How does GPT-2 compute greater-than?: Interpreting mathematical abilities in a pre-trained language model
This provides insights into the internal mechanisms of pre-trained language models for researchers in AI interpretability, though it is incremental as it focuses on a limited case study.
The paper investigates how GPT-2 small performs basic mathematical tasks like comparing numbers, using mechanistic interpretability to identify a specific computational circuit that boosts probabilities for valid end years in sentences.

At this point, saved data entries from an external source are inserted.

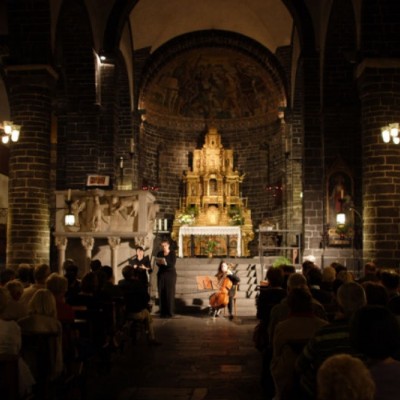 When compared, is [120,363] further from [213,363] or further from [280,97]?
A: [280,97]

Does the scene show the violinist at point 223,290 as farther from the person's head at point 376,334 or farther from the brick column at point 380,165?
the person's head at point 376,334

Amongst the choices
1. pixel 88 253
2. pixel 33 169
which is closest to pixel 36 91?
pixel 33 169

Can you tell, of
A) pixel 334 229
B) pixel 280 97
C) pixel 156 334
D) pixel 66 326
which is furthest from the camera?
pixel 280 97

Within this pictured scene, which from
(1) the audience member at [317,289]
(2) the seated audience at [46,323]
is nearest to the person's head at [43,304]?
(2) the seated audience at [46,323]

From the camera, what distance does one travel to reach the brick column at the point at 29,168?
14828 millimetres

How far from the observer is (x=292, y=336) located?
488cm

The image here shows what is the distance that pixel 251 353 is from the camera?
31.6 feet

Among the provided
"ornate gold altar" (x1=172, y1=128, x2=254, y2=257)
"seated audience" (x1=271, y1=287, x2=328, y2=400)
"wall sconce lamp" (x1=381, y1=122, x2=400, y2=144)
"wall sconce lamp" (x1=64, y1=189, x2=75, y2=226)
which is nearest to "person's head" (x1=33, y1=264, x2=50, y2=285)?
"seated audience" (x1=271, y1=287, x2=328, y2=400)

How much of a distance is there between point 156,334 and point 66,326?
5429 mm

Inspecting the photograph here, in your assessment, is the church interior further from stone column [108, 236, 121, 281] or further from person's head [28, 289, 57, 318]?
person's head [28, 289, 57, 318]

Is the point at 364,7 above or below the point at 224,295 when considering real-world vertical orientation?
above

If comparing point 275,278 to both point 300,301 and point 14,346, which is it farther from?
point 14,346

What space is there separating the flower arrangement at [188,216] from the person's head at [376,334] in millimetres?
23223

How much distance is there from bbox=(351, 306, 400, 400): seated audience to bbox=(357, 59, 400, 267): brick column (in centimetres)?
1113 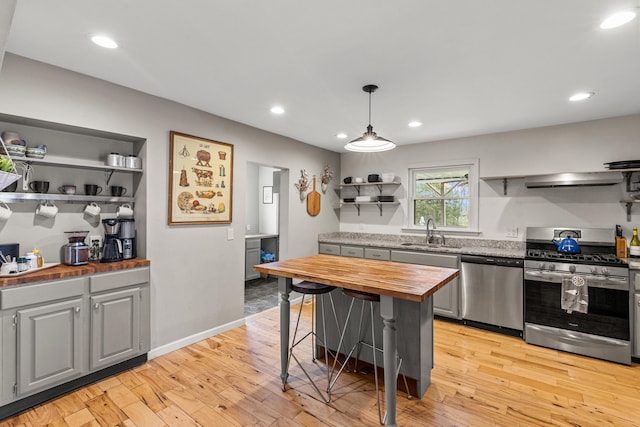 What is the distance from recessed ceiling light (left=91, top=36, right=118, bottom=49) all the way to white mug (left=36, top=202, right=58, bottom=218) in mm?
1337

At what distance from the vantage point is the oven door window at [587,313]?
9.71ft

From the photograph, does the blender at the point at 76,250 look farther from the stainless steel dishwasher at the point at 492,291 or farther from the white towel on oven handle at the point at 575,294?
the white towel on oven handle at the point at 575,294

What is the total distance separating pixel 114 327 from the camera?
2.61 metres

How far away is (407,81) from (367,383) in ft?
8.08

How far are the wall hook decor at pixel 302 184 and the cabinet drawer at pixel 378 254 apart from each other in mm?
1259

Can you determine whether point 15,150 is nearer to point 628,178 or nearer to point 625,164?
point 625,164

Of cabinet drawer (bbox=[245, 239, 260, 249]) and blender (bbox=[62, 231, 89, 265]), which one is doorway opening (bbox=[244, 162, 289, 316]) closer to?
cabinet drawer (bbox=[245, 239, 260, 249])

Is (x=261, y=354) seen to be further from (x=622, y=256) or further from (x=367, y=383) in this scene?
(x=622, y=256)

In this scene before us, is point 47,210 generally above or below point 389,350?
above

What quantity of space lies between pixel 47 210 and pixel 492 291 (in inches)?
172

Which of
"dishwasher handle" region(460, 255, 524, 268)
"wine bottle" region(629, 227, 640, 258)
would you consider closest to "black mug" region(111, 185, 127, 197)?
"dishwasher handle" region(460, 255, 524, 268)

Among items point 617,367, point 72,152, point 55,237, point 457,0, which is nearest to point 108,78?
point 72,152

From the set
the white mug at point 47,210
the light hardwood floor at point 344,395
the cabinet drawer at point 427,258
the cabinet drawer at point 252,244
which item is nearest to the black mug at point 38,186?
the white mug at point 47,210

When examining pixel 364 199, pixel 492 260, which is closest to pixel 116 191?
pixel 364 199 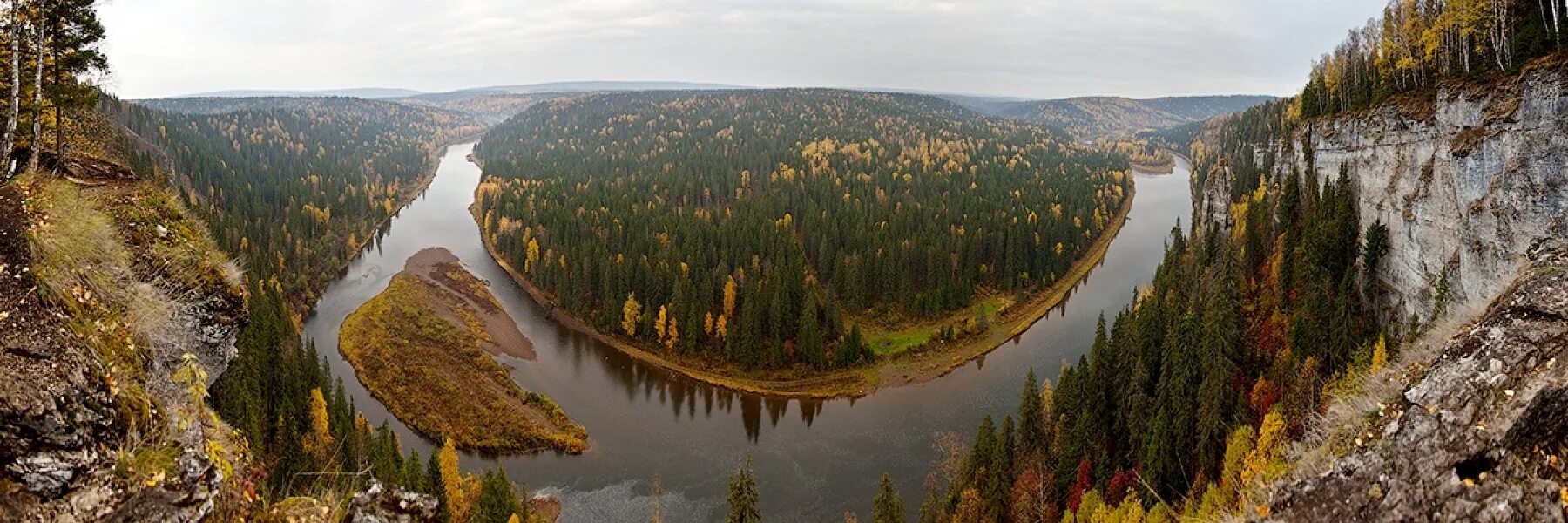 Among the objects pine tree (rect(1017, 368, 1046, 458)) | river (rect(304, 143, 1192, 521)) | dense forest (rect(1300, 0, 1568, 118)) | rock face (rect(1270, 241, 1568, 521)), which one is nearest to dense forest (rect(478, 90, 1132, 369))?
river (rect(304, 143, 1192, 521))

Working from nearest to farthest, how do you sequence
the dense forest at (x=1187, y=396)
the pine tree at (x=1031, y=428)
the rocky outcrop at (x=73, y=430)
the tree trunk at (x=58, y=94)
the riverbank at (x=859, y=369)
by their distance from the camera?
the rocky outcrop at (x=73, y=430) < the tree trunk at (x=58, y=94) < the dense forest at (x=1187, y=396) < the pine tree at (x=1031, y=428) < the riverbank at (x=859, y=369)

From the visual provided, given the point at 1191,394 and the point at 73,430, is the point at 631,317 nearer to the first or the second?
the point at 1191,394

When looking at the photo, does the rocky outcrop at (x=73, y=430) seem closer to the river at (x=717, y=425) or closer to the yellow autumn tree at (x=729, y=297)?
the river at (x=717, y=425)

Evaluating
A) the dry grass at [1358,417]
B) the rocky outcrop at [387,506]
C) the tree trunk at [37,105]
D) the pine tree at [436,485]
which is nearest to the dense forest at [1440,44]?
the dry grass at [1358,417]

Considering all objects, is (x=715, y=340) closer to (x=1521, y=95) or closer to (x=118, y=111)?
(x=1521, y=95)

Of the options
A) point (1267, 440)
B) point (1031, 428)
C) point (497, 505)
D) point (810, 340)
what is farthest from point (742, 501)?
point (810, 340)

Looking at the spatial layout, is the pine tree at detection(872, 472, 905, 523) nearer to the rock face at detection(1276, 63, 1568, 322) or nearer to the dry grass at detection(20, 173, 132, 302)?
the rock face at detection(1276, 63, 1568, 322) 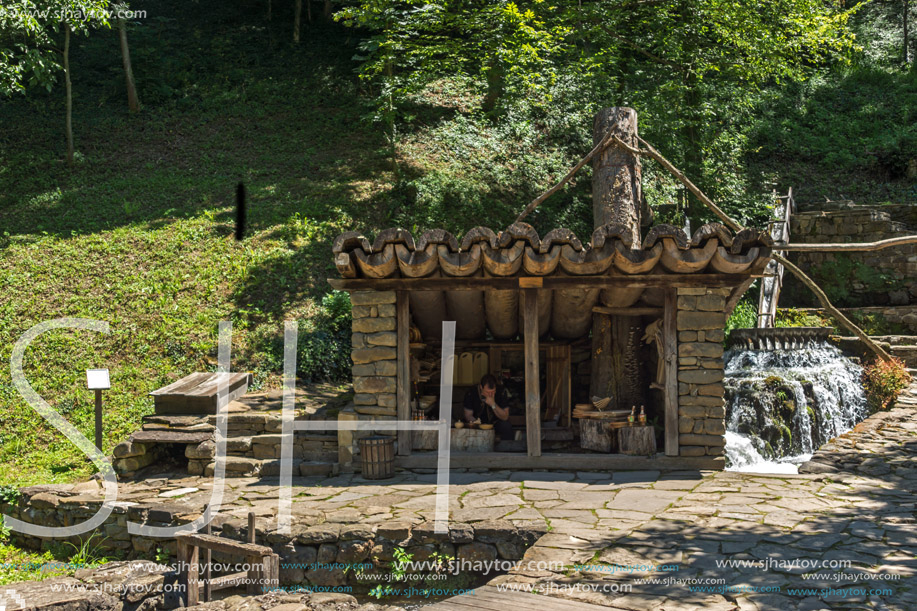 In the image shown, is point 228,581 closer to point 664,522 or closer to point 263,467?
point 263,467

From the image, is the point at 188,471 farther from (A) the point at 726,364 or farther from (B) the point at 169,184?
(B) the point at 169,184

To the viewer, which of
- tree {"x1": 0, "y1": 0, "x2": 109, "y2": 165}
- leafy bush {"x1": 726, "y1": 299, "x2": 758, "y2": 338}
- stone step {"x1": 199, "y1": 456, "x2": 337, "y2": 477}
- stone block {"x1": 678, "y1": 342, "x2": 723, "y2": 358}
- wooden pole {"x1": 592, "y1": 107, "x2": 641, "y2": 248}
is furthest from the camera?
leafy bush {"x1": 726, "y1": 299, "x2": 758, "y2": 338}

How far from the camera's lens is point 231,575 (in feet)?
18.4

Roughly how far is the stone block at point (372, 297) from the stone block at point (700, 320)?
3204 millimetres

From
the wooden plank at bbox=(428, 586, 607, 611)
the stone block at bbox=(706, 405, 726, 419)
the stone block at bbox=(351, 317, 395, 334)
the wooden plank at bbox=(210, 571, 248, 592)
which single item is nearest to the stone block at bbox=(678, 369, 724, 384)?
the stone block at bbox=(706, 405, 726, 419)

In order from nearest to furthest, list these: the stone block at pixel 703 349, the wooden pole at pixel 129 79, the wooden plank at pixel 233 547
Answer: the wooden plank at pixel 233 547 < the stone block at pixel 703 349 < the wooden pole at pixel 129 79

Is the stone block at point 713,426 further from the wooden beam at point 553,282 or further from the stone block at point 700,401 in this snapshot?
the wooden beam at point 553,282

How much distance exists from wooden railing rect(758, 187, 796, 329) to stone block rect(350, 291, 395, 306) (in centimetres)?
770

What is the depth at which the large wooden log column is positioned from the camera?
8.72 meters

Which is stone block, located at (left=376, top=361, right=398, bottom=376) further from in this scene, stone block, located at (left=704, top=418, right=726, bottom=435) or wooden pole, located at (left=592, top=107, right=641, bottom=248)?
stone block, located at (left=704, top=418, right=726, bottom=435)

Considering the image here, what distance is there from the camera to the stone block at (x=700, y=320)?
24.4 ft

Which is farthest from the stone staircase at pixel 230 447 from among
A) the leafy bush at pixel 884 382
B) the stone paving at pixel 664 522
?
the leafy bush at pixel 884 382

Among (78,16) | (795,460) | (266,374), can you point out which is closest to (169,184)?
(78,16)

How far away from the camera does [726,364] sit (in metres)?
11.3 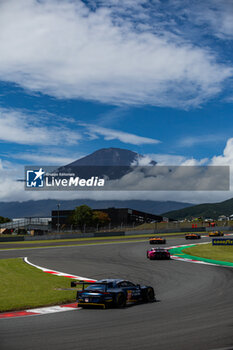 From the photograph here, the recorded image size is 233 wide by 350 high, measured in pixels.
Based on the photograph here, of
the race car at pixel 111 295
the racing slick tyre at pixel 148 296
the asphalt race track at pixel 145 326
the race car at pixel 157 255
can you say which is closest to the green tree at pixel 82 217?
the race car at pixel 157 255

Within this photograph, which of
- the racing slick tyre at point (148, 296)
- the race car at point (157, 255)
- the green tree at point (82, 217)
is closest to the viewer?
the racing slick tyre at point (148, 296)

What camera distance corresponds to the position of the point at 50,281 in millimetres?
21031

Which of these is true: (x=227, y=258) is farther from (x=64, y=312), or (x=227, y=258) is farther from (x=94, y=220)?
(x=94, y=220)

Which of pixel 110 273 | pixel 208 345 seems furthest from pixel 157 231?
pixel 208 345

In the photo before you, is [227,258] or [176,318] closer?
[176,318]

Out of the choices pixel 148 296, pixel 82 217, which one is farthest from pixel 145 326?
pixel 82 217

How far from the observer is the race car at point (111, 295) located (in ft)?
47.9

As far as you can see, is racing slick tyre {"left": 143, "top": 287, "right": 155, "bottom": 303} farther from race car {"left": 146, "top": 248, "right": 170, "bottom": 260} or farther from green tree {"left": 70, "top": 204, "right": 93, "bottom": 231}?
green tree {"left": 70, "top": 204, "right": 93, "bottom": 231}

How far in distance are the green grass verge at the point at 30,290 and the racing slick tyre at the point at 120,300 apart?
237cm

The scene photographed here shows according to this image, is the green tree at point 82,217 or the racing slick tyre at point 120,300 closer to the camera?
the racing slick tyre at point 120,300

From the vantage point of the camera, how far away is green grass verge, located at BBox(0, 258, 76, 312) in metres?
15.5

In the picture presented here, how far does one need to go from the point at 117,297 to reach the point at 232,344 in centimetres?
579

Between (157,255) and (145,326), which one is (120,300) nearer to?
(145,326)

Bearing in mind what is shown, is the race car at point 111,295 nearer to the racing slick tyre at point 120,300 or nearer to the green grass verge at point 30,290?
the racing slick tyre at point 120,300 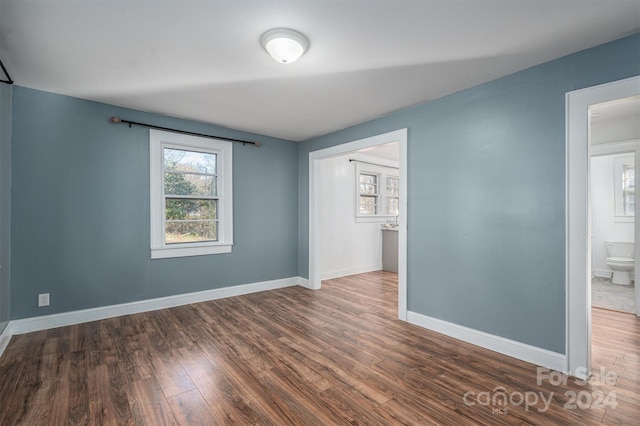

Pre-trained language models can be surprisingly adept at tasks they were not explicitly trained on, but how they implement these capabilities is poorly understood. In this paper, we investigate the basic mathematical abilities often acquired by pre-trained language models. Concretely, we use mechanistic interpretability techniques to explain the (limited) mathematical abilities of GPT-2 small. As a case study, we examine its ability to take in sentences such as "The war lasted from the year 1732 to the year 17", and predict valid two-digit end years (years > 32). We first identify a circuit, a small subset of GPT-2 small's computational graph that computes this task's output. Then, we explain the role of each circuit component, showing that GPT-2 small's final multi-layer perceptrons boost the probability of end years greater than the start year. Finally, we find related tasks that activate our circuit. Our results suggest that GPT-2 small computes greater-than using a complex but general mechanism that activates across diverse contexts.